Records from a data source
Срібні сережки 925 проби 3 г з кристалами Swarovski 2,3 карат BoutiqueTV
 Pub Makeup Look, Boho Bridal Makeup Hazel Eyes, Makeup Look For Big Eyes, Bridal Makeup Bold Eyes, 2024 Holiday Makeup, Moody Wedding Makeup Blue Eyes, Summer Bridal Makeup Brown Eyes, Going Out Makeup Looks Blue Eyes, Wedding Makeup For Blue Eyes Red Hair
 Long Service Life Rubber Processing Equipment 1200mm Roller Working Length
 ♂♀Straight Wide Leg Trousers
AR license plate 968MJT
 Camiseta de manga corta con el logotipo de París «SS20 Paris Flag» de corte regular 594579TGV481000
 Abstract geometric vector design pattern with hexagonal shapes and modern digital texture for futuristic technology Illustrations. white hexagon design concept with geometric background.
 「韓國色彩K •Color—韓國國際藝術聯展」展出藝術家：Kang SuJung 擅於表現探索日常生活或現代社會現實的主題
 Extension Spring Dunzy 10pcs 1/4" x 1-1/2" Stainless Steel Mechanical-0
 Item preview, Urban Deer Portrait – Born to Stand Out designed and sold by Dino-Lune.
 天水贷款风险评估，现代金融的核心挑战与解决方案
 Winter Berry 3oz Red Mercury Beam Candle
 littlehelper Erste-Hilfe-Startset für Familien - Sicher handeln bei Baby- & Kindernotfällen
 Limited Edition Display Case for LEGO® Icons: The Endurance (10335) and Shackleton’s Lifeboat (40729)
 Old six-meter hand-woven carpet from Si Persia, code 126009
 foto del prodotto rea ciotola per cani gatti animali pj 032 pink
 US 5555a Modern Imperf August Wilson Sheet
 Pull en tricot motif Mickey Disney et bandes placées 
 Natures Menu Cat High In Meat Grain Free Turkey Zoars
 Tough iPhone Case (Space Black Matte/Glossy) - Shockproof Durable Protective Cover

Your assignment =>
Reply with the number of lines in the data above that contain "Case", and with nothing else.

Output of the exercise =>
2